[PATCH v4 10/17] dmaengine: idxd: add emulation rw routines

From: Dave Jiang
Date: Fri Oct 30 2020 - 14:52:44 EST


Add emulation routines for PCI config read/write, MMIO read/write, and
interrupt handling routine for the emulated device.

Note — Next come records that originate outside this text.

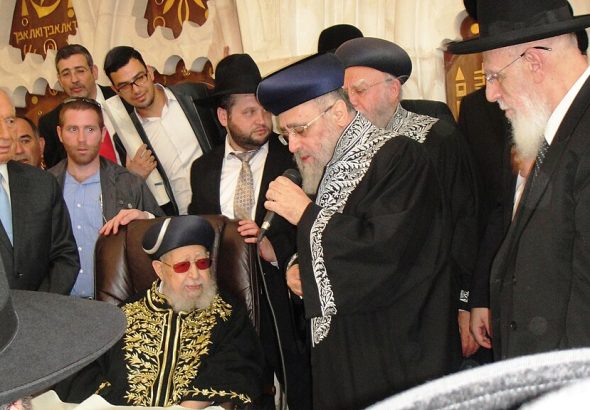 Coronation of Rabbi Yitzchak Yosef as Sephardi Chief Rabbi of Israel. Seen in picture: President Shimon Peres (far left), Rabbi Ovadia Yosef (seated), Rabbi Yitzchak Yosef (speaking into microphone), Rabbi Shalom Cohen (far right).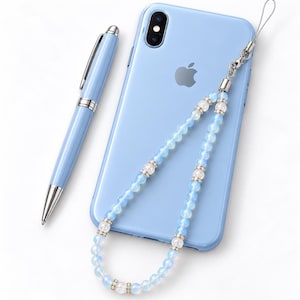 May include: A light blue smartphone with a dual-lens camera and an Apple logo, accompanied by a matching light blue ballpoint pen with silver accents and a beaded phone charm featuring translucent opalescent beads and silver-toned spacers.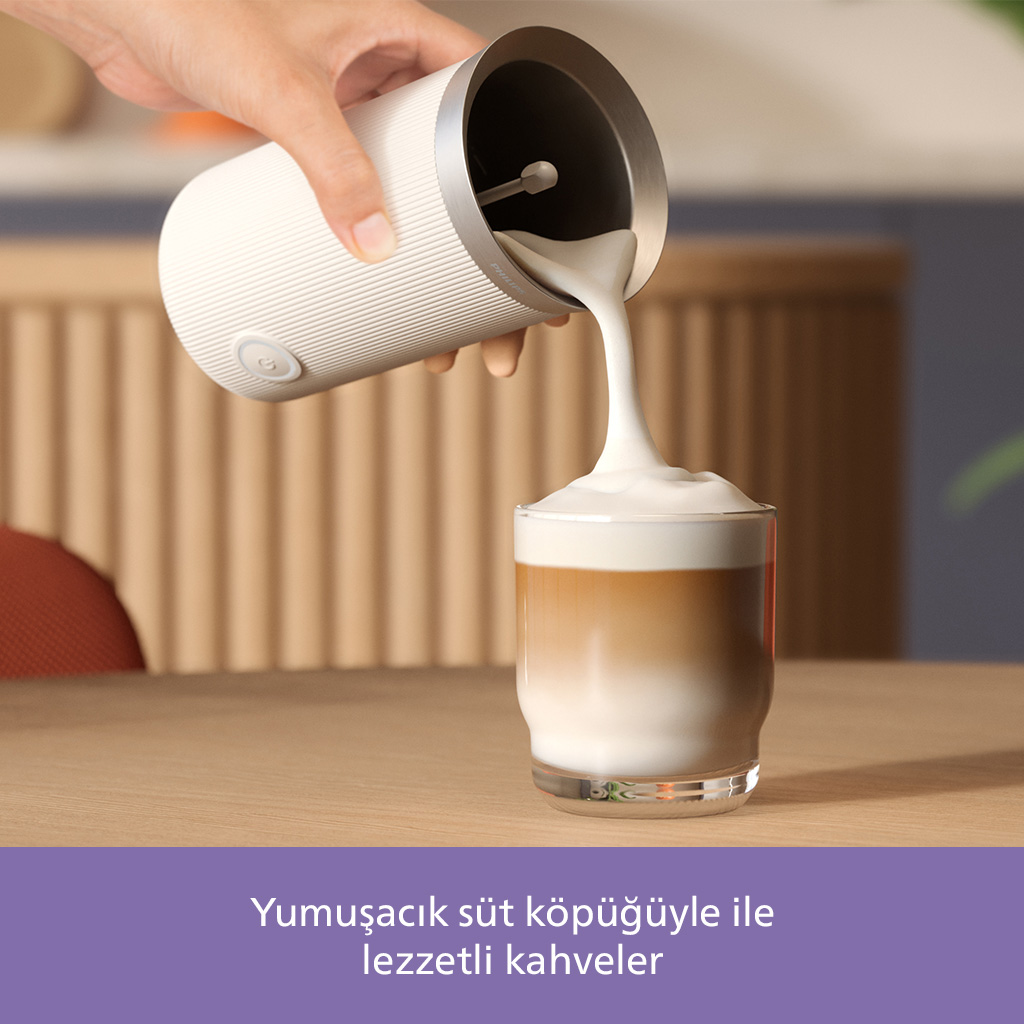 Bir el, bir bardak kahveye köpüklü süt döküyor. Süt köpürtücü beyaz, kahve katmanlı. Sahne ahşap bir masa üzerinde.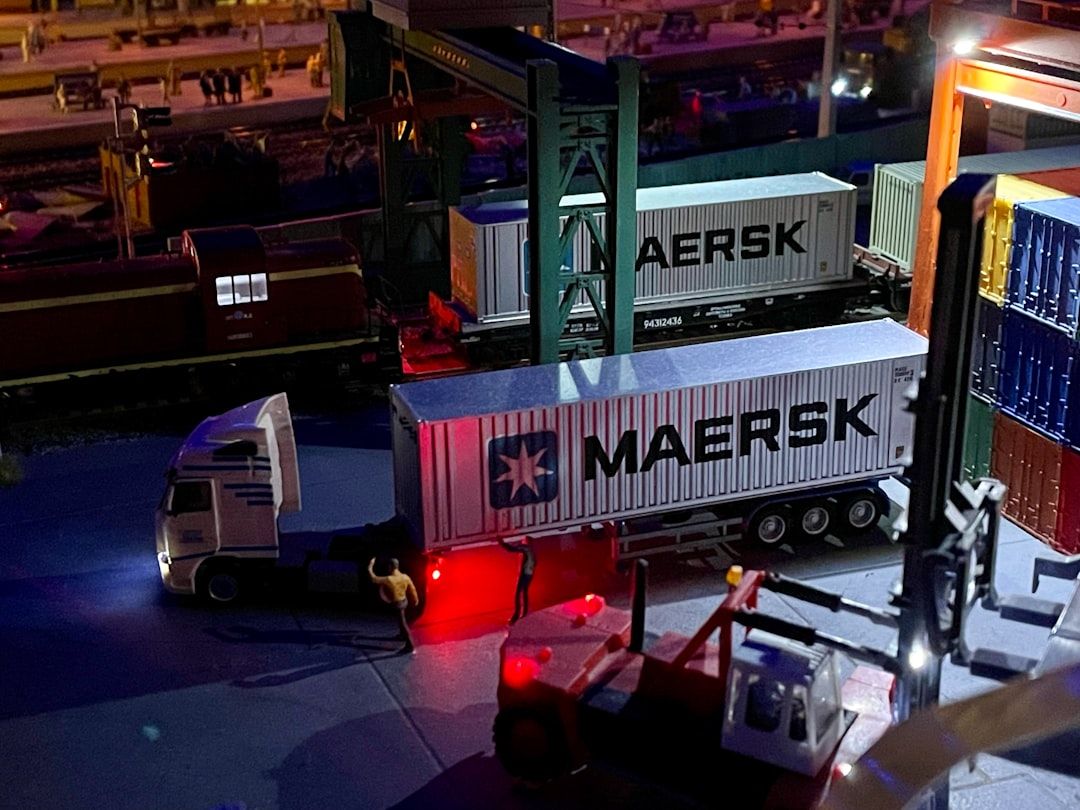 Miniatyrlandskap av logistikterminal med lastbilar och containrar.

The rw routines are
called when PCI config read/writes or BAR0 mmio read/writes and being
issued by the guest kernel through KVM/qemu.

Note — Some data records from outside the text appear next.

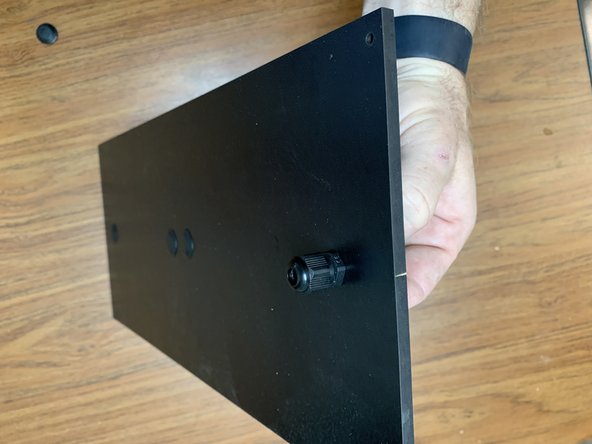 Remove the Exit Fitting (Part 25) from Parts Pack C and remove the end nut. Slip the fitting through the Rear Panel's remaining open hole and fasten it with the nut on the opposite side of the panel as shown in picture 3.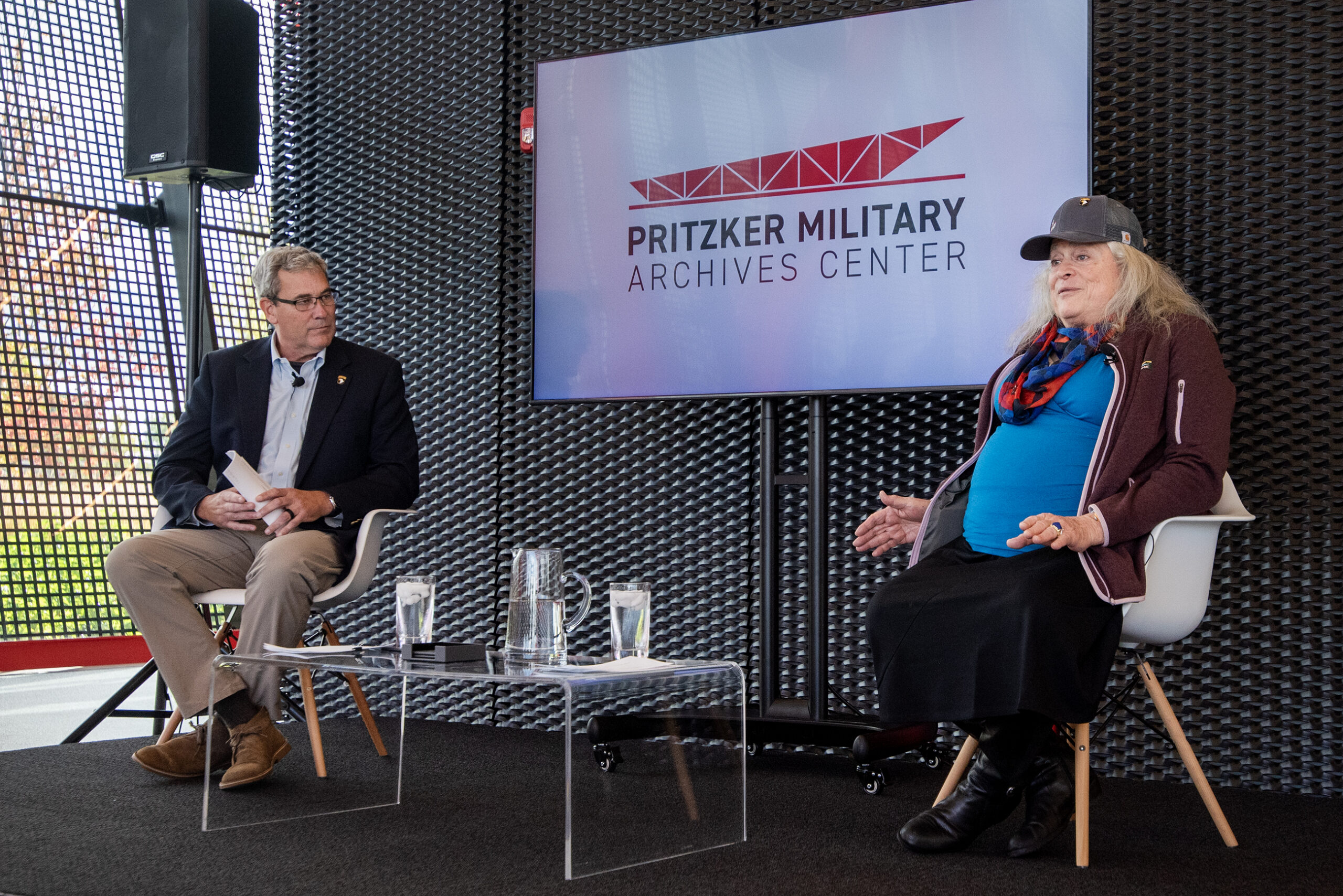 Two people sit on a stage to answer questions.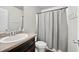 Bathroom featuring a sink, toilet, and a shower with gray shower curtain at 167 Diamond Ridge Ave, Canton, GA 30114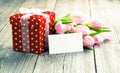 Beautiful tulips with red polka-dot gift box. Royalty Free Stock Photo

Because we are supporting read-only configuration, most of the MMIO
emulations are simple memory copy except for cases such as handling device
commands and interrupts.

Signed-off-by: Dave Jiang <dave.jiang@xxxxxxxxx>
---
drivers/dma/idxd/registers.h | 10 +
drivers/dma/idxd/vdev.c | 427 +++++++++++++++++++++++++++++++++++++++++-
drivers/dma/idxd/vdev.h | 8 +
include/uapi/linux/idxd.h | 2
4 files changed, 439 insertions(+), 8 deletions(-)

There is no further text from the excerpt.